The decision of whether or not to perform irreducible weighted twist
averaging should be made on the basis of efficiency. The relative
efficiency of irreducible vs. uniform weighted twist averaging
depends on the irreducible weights and the ratio of the lengths of
the available sampling and equilibration periods. A formula for
the relative efficiency of these two cases is derived and discussed
in more detail in Appendix \ref{sec:app_ta_efficiency}.
\subsection{Setting output units}
\label{sec:qmca_output_units}
Estimates outputted by \texttt{qmca} are in Hartree units by
default. The output units for energetic quantities can be
changed by using the ``\texttt{-u}'' option.
\vspace{3mm}
\noindent
Energy in Hartrees:
\begin{shade}
>qmca -q e -u Ha -e 20 qmc.s002.scalar.dat
qmc series 2 LocalEnergy = -46.032960 +/- 0.002077
\end{shade}
\noindent
Energy in electron volts:
\begin{shade}
>qmca -q e -u eV -e 20 qmc.s002.scalar.dat
qmc series 2 LocalEnergy = -1252.620565 +/- 0.056521
\end{shade}
\noindent
Energy in Rydbergs:
\begin{shade}
>qmca -q e -u rydberg -e 20 qmc.s002.scalar.dat
qmc series 2 LocalEnergy = -92.065919 +/- 0.004154
\end{shade}
\noindent
Energy in kilojoules per mole:
\begin{shade}
>qmca -q e -u kj_mol -e 20 qmc.s002.scalar.dat
qmc series 2 LocalEnergy = -120859.512998 +/- 5.453431
\end{shade}
\subsection{Speeding up trace plotting}
\label{sec:qmca_fast_trace_plot}
When working with many files or files with many entries,
\texttt{qmca} may take a long time to produce plots. The time
delay is actually due to the autocorrelation time estimate
used to calculate error bars. The calculation time for
the autocorrelation scales as $\mathcal{O}(M^2)$, with $M$ being
the number of statistical samples.
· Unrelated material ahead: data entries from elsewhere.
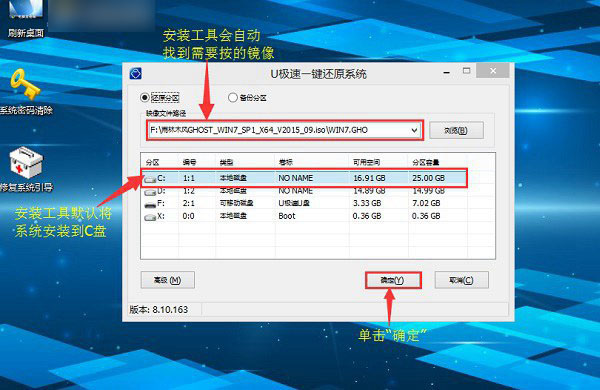 u盘怎么装win7系统 U极速一键u盘装Win7系统教程图解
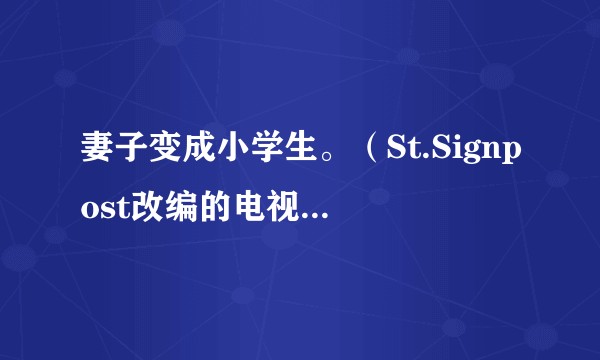 妻子变成小学生。（St.Signpost改编的电视动画作品）
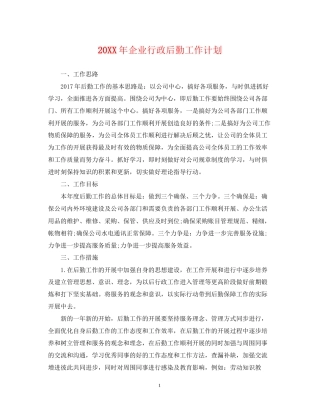 企业行政后勤工作计划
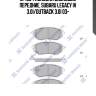 Sp1534 колодки дисковые передние, subaru legacy iv 3.0i/outback 3.0i 03-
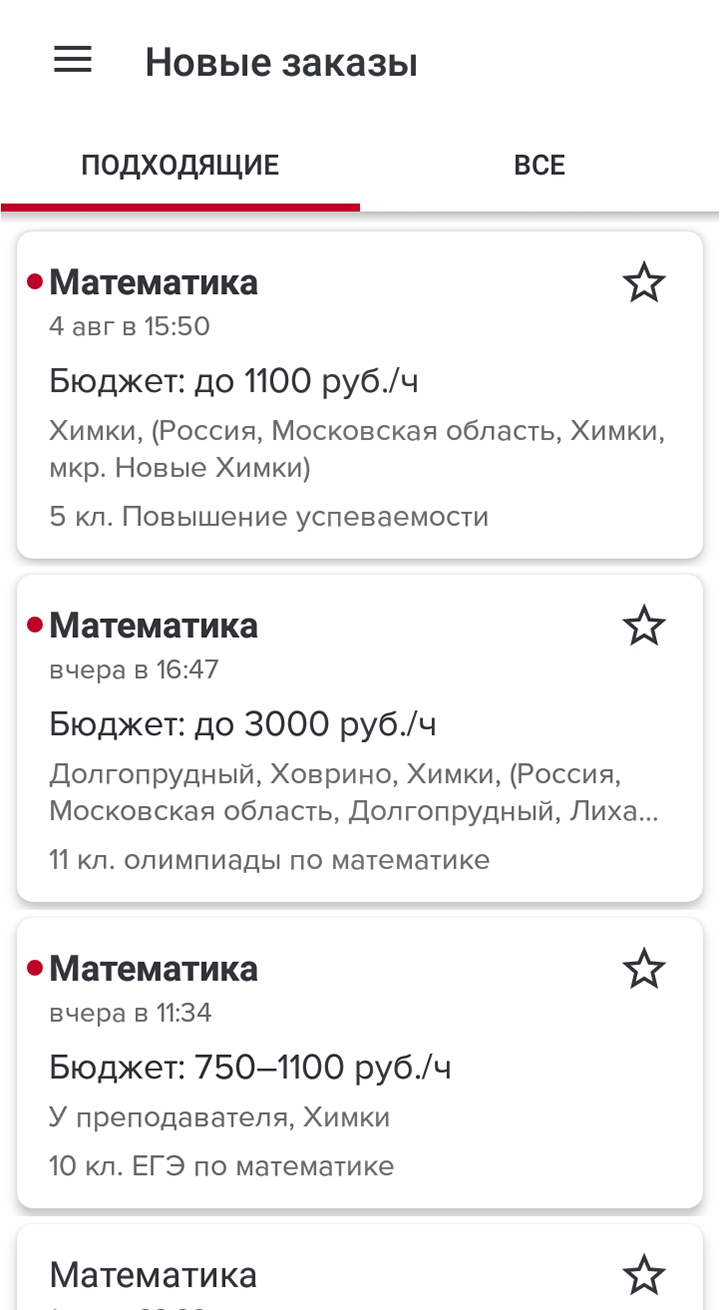 На сайтах всегда есть удобный фильтр по заказам. На «Профи-ру» я выбрала параметры «математика, город Москва, пригород Химки, занятия у себя» и вижу все актуальные заказы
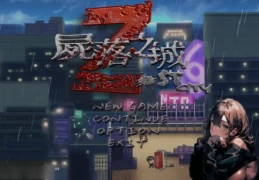 尸落之城：暗影崛起 V0.7.5 官方中文版 - 安卓模拟器+PC RPG游戏 [官中/动态] 2.7G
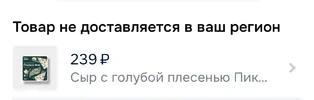 Screenshot_2026-03-04-15-34-17-004_ru.ozon.app.android-edit.webp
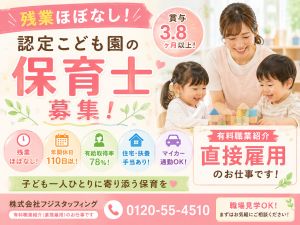 残業ほぼなし！認定こども園の保育士
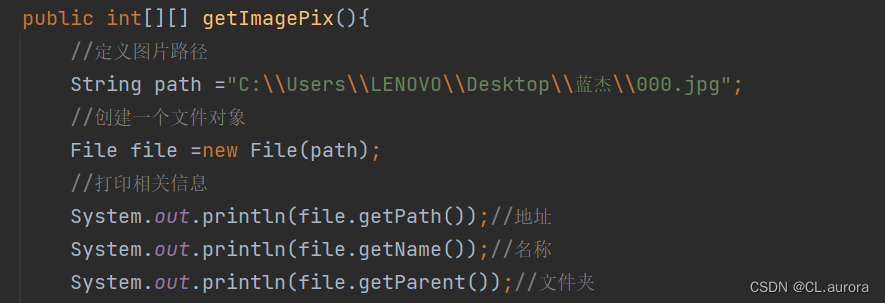 Java异步编程Future与CompletableFuture详解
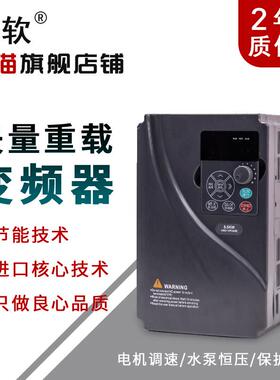 麦矽智能变频器三相380v2.2kw4kw11kw22kw通风机水泵电机调速器电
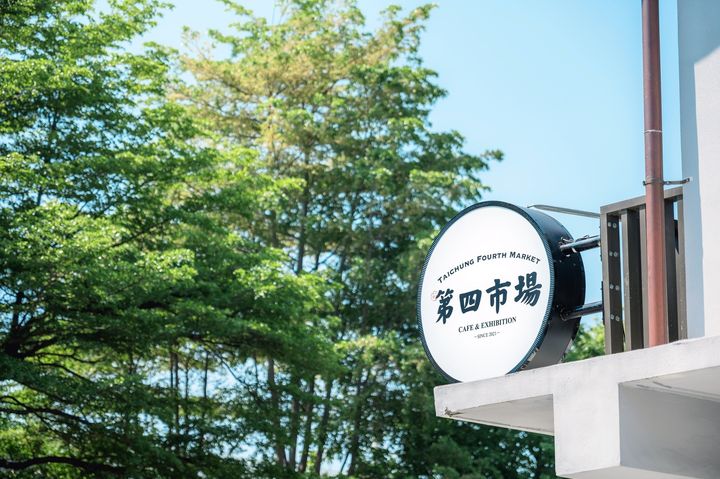 第四市場外矗立新穎的招牌，讓人感受文青風格。　圖：第四市場／提供 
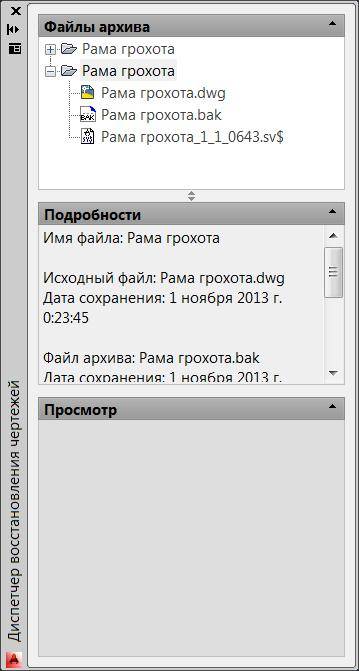 Автокад как восстановить чертеж из bak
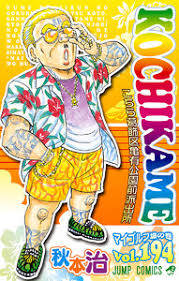 「風波峻 こちら葛飾区亀有公園前派出所」の画像検索結果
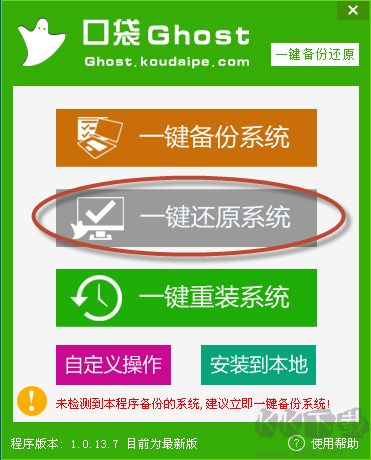 口袋一键ghost备份还原工具 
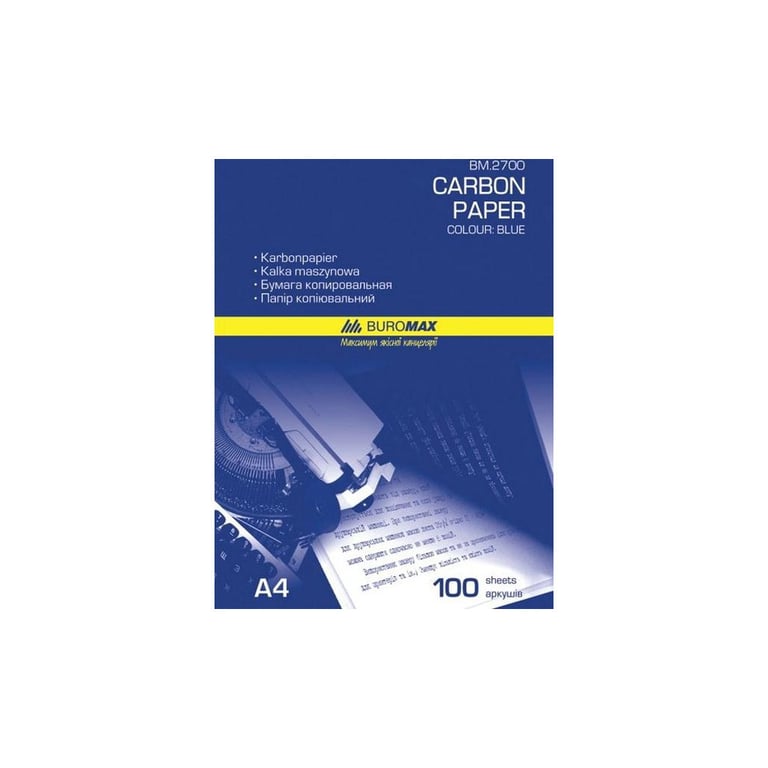 Папір копіювальний Buromax 210×297мм, 100sheets, blue (BM.2700)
If you are only interested
in plotting traces and not in the estimated error bars, the
autocorrelation time estimation can be turned off with the
``\texttt{--noac}'' option:
\begin{shade}
>qmca -t -q e -e 20 --noac qmc.s002.scalar.dat
\end{shade}
\noindent
Please note that the resulting error bars printed to the console
will be underestimated and are not meaningful. Do \emph{not}
use ``\texttt{--noac}'' in conjunction with the ``\texttt{-p}''
plotting option as these plots are of no use without meaningful
error bars.
\subsection{Short usage examples}
\label{sec:qmca_short_examples}
\noindent
Plotting a trace of the local energy:
\begin{shade}
>qmca -t -q e *scalar*
\end{shade}
\noindent
Applying an equilibration cutoff to VMC data (series 0):
\begin{shade}
>qmca -q e -e 30 *s000.scalar*
\end{shade}
\noindent
Applying the same equilibration cutoff to VMC and DMC data (series 0, 1, 2):
\begin{shade}
>qmca -q e -e 20 *scalar*
\end{shade}
\noindent
Applying different equilibration cutoffs to VMC and DMC data (series 0, 1, 2):
\begin{shade}
>qmca -q e -e '30 20 40' *scalar*
\end{shade}
\noindent
Obtaining the energy, variance, and variance/energy ratio for all series:
\begin{shade}
>qmca -q ev -e 30 *scalar*
\end{shade}
\noindent
Overlaying plots of mean + error bar for energy and variance for separate
two- and three- body Jastrow optimization runs:
\begin{shade}
>qmca -po -q ev ./optJ2/*scalar* ./optJ3/*scalar*
\end{shade}
\noindent
Obtaining the acceptance ratio:
\begin{shade}
>qmca -q ar -e 30 *scalar*
\end{shade}
\noindent
Obtaining the average DMC walker population:
\begin{shade}
>qmca -q nw -e 400 *s002.dmc.dat
\end{shade}
\noindent
Obtaining the Monte Carlo efficiency:
\begin{shade}
>qmca -q eff -e 30 *scalar*
\end{shade}
\noindent
Obtaining the total wallclock time per series:
\begin{shade}
>qmca -q tt -e 0 *scalar*
\end{shade}
\noindent
Obtaining the average wallclock time spent per block:
\begin{shade}
>qmca -q bc -e 0 *scalar*
\end{shade}
\noindent
Obtaining a subset of desired quantities:
\begin{shade}
>qmca -q 'e v ar eff' -e 30 *scalar*
\end{shade}
\noindent
Obtaining all available quantities:
\begin{shade}
>qmca -e 30 *scalar*
\end{shade}
\noindent
Obtaining the twist averaged total energy with uniform weights:
\begin{shade}
>qmca -a -q e -e 40 *g*s002.scalar.dat
\end{shade}
\noindent
Obtaining the twist averaged total energy with specific weights:
\begin{shade}
>qmca -a -w '1 3 3 1' -q e -e 40 *g*s002.scalar.dat
\end{shade}
\noindent
Obtaining the local, kinetic, and potential energies in eV:
\begin{shade}
>qmca -q ekp -e 30 -u eV *scalar*
\end{shade}
\subsection{Production quality checklist}
\label{sec:qmca_production_checklist}
\begin{enumerate}
\item{Inspect the trace plots (``\texttt{-t}'' option) for any
oddities in the data. Typical behavior is a short equilibration
period followed by benign fluctuations around a clear mean value.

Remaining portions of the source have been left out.